La decena de ensayos que dan cuerpo a este libro revisan y contrastan experiencias nacionales y regionales a lo largo de los siglos XIX y XX. De este modo, discursos racistas y prácticas políticas se abordan en los ejemplos de Cuba, República Dominicana y Puerto Rico donde la negritud de matriz esclavista resultó interceptada por la expansión imperial norteamericana que terminó por definir la suerte de las últimas colonias españolas en América. El negro como problema también es motivo de análisis en las aproximaciones a Colombia y Brasil. En la primera, en tanto desafío a un orden moral criollo empeñado en enaltecer las raíces hispanas de una nación que sólo se podía imaginar blanca; y en el segundo, desde los discursos racializados de una ensayística médica fuertemente influida por el positivismo de cuño darwinista spenceriano. Por otra parte, la persistente presencia indígena y sus derivas hacia posturas interesadas en afianzar la exclusión o en fomentar su integración al cuerpo de la nación se proyectan en distintos ensayos dedicados a indagar las experiencias de México, Centroamérica y Bolivia. Y, por último, la reflexión política y las tensiones sociales que generó la llegada de inmigrantes extranjeros se advierten en los casos de Argentina, Brasil, Colombia y México.

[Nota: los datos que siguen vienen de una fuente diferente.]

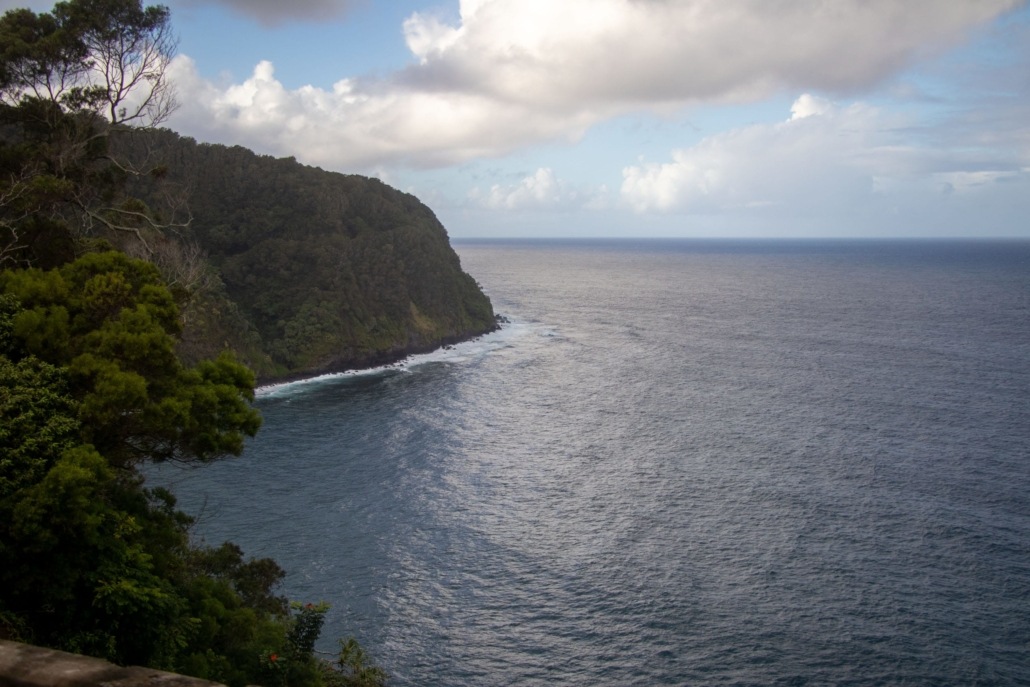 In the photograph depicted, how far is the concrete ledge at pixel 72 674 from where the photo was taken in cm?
727

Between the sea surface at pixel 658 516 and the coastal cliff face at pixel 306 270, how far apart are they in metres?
10.5

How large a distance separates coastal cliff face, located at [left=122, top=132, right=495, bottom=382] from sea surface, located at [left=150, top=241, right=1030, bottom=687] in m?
10.5

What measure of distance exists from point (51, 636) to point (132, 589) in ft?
7.33

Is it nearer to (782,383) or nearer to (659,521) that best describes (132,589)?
(659,521)

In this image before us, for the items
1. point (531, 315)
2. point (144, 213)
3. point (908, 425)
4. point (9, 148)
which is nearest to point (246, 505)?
point (144, 213)

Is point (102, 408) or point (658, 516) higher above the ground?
point (102, 408)

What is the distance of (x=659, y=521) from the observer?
174ft

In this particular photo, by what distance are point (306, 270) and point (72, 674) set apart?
115 m

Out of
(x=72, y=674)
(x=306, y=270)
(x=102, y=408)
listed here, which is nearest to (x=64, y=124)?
(x=102, y=408)

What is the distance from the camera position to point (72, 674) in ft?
24.2

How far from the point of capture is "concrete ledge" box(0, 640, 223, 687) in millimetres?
7270

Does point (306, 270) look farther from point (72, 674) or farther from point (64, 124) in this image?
point (72, 674)

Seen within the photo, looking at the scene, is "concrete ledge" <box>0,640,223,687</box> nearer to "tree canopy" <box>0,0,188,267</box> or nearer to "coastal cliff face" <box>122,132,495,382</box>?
"tree canopy" <box>0,0,188,267</box>

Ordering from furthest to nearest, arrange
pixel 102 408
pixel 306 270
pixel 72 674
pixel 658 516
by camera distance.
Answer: pixel 306 270 < pixel 658 516 < pixel 102 408 < pixel 72 674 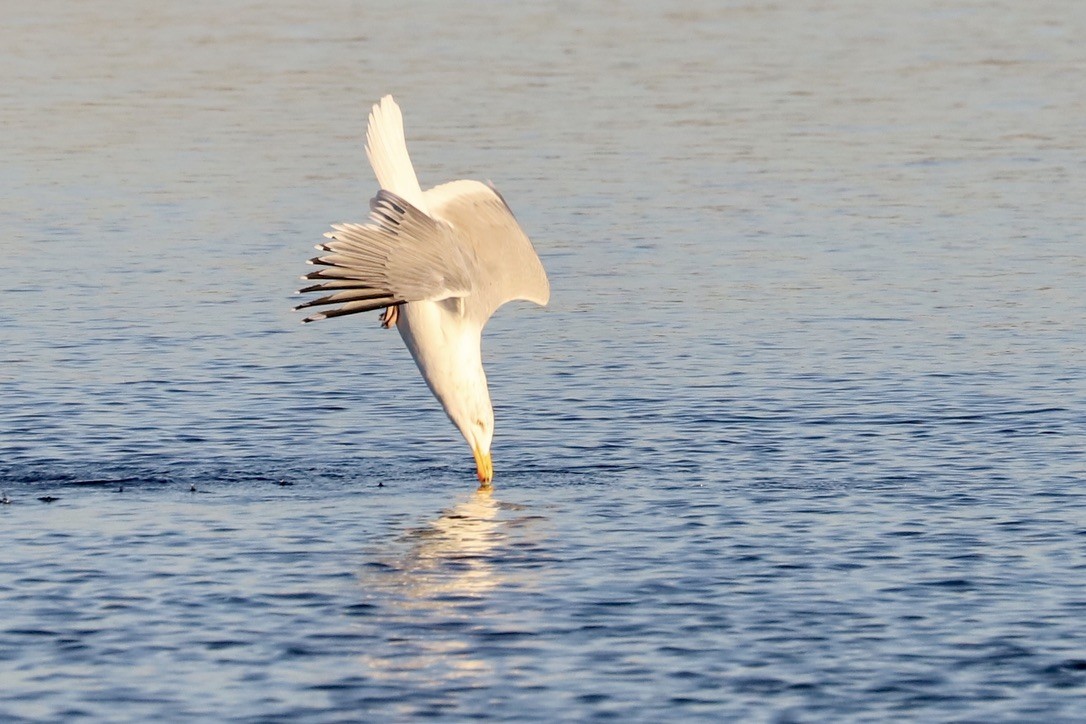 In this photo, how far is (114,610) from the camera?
13.3 m

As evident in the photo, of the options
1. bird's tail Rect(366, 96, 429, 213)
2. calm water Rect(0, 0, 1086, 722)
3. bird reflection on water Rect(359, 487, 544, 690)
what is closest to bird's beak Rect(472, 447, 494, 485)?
bird reflection on water Rect(359, 487, 544, 690)

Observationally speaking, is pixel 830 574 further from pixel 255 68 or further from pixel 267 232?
pixel 255 68

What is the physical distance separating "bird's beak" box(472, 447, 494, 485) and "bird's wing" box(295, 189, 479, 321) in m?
1.84

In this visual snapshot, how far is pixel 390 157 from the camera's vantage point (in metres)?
15.5

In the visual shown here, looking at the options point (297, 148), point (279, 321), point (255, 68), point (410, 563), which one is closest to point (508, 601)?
point (410, 563)

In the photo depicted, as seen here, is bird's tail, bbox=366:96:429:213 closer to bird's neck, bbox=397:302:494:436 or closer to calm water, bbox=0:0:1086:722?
bird's neck, bbox=397:302:494:436

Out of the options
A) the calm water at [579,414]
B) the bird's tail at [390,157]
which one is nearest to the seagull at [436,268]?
the bird's tail at [390,157]

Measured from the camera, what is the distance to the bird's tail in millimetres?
15492

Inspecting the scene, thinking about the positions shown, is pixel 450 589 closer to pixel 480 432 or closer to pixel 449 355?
pixel 449 355

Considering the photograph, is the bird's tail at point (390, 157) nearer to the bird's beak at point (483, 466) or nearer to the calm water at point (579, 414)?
the bird's beak at point (483, 466)

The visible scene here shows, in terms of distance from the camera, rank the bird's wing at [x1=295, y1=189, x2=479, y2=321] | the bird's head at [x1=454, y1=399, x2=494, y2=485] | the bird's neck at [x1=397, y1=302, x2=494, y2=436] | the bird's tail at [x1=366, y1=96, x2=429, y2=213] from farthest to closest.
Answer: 1. the bird's head at [x1=454, y1=399, x2=494, y2=485]
2. the bird's neck at [x1=397, y1=302, x2=494, y2=436]
3. the bird's tail at [x1=366, y1=96, x2=429, y2=213]
4. the bird's wing at [x1=295, y1=189, x2=479, y2=321]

Estudios y prácticas médicas y antropológicas, junto a reflexiones generadas en el campo de la sociología y el derecho, nutrieron diagnósticos políticos tratando de explicar las enfermedades sociales que aquejaban a las naciones hispanoamericanas. La diferencia étnica era el problema, y en ella el marcador racial fue central, sobre todo porque aquella diferencia habitaba en las grandes mayorías a las que se debía gobernar y civilizar. Las estrategias fueron tan diversas como los resultados. De ello también da cuenta este libro subrayando los contrastes con que se procesa la extranjería en los casos de Argentina, Brasil y México, así como marcando las distancias entre los dispositivos indigenistas ideados en México a partir de la Revolución de 1910, y el exterminio de poblaciones indígenas en Guatemala en el contexto de la guerra civil que asoló aquel país a lo largo de tres décadas.

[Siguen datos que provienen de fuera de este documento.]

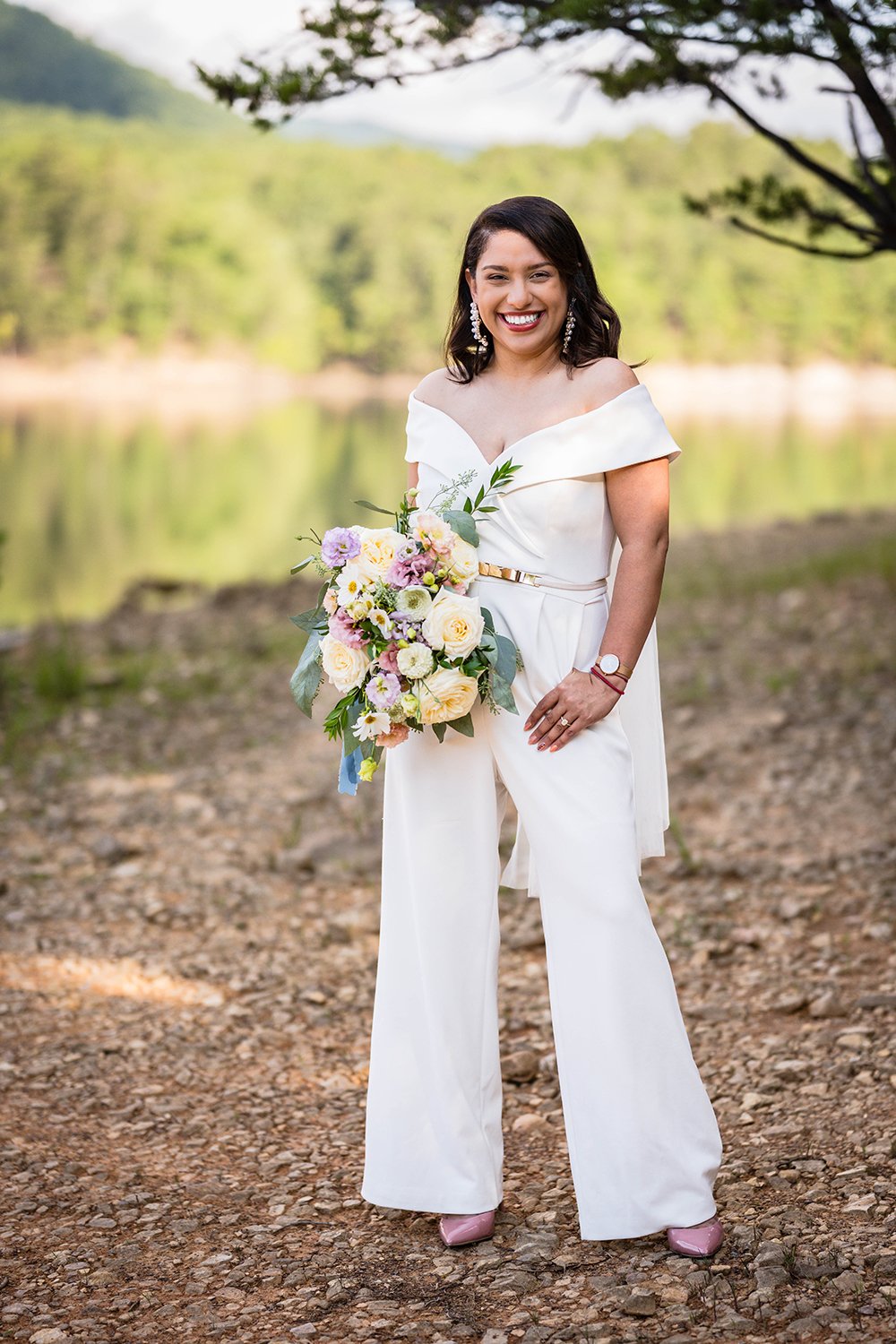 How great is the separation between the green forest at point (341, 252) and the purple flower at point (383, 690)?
205 ft

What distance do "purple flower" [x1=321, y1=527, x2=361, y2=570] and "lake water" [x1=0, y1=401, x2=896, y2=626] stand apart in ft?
28.7

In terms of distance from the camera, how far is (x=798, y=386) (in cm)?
8700

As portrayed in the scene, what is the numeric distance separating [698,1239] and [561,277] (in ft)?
6.97

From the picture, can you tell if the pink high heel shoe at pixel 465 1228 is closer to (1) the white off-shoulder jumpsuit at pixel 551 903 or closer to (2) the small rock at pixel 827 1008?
(1) the white off-shoulder jumpsuit at pixel 551 903

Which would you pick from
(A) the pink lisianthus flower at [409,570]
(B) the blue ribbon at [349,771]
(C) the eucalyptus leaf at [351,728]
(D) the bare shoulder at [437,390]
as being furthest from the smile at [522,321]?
(B) the blue ribbon at [349,771]

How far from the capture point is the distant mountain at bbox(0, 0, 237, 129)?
128 metres

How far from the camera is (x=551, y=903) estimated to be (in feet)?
9.39

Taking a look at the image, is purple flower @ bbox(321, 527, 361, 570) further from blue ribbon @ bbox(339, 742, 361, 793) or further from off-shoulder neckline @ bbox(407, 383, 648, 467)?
blue ribbon @ bbox(339, 742, 361, 793)

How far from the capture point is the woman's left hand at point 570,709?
110 inches

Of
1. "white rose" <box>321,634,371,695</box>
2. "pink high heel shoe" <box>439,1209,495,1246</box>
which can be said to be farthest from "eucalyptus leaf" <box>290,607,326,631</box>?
"pink high heel shoe" <box>439,1209,495,1246</box>

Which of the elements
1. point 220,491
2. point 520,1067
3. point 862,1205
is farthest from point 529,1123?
point 220,491

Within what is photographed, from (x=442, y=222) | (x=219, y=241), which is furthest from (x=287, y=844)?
(x=442, y=222)

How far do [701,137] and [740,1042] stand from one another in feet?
366

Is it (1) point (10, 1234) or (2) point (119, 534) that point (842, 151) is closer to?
(1) point (10, 1234) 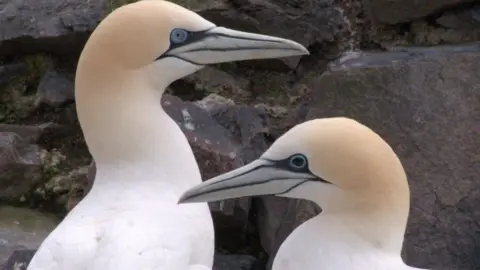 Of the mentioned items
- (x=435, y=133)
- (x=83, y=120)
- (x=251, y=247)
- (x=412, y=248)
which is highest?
(x=83, y=120)

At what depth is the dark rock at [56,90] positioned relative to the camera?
16.9ft

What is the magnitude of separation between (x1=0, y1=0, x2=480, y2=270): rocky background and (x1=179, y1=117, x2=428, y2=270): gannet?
2.90 feet

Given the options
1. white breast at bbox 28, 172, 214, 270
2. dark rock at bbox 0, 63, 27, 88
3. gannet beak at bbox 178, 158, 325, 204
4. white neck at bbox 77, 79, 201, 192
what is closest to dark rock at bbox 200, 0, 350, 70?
dark rock at bbox 0, 63, 27, 88

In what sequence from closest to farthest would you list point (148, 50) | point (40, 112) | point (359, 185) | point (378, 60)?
point (359, 185)
point (148, 50)
point (378, 60)
point (40, 112)

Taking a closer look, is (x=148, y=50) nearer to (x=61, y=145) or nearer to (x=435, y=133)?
(x=435, y=133)

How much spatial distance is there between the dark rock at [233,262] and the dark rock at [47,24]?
1252mm

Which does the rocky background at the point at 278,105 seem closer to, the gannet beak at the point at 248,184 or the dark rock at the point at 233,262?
the dark rock at the point at 233,262

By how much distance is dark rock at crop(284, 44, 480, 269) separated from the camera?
3.97 m

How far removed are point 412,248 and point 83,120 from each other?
1221mm

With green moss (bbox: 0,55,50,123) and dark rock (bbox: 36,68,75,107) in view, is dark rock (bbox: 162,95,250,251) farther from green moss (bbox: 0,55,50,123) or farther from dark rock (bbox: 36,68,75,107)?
green moss (bbox: 0,55,50,123)

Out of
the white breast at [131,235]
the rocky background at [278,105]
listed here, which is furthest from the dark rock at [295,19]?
the white breast at [131,235]

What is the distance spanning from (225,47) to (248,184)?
67 centimetres

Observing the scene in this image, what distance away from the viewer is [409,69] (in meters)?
4.21

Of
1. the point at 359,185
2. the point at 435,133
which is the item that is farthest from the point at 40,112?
the point at 359,185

Raza y política a manera de una urdimbre hecha de juicios políticos y prejuicios étnicos, de marcos legales y prácticas sociales, de saberes académicos y estrategias políticas. Urdimbre sobre la que se asentaron sociedades en las que la heterogeneidad fue la norma que desestabilizó un orden político que por reclamarse nacional exigía unidad y sobre todo uniformidad. En suma, a la luz de esta tensión debe valorase este libro que aspira a contribuir a un debate en el camino por entender y explicar la complejidad de los procesos de construcción nacional en Hispanoamérica.

Para la elaboración de este libro hemos contraído diversas deudas que queremos reconocer y agradecer. En primer lugar, con la Dra. Clara E. Lida y la Cátedra México-España de El Colegio de México que generosamente apoyaron la realización de un seminario en 2015 donde se presentaron versiones preliminares de los trabajos que ahora se publican. En segundo lugar, con el Conacyt que ha hecho posible esta publicación a través del financiamiento al Proyecto de Investigación “Nación y Extranjería en México: normas y prácticas de la política migratoria 1910-1946”. Claro está que este libro no hubiera sido posible sin el trabajo y la generosa colaboración de todos los autores. Por último, reconocemos a Erika Pani, directora del El Centro de Estudios Históricos y a Gabriela Said, directora de publicaciones de El Colegio de México su ayuda para la realización de las actividades y los trámites que han hecho posible esta publicación. A Luis Sandoval agradecemos el apoyo en las tareas de edición de los textos, y a Rosy Quirós su siempre eficiente ayuda en asuntos administrativos y logísticos.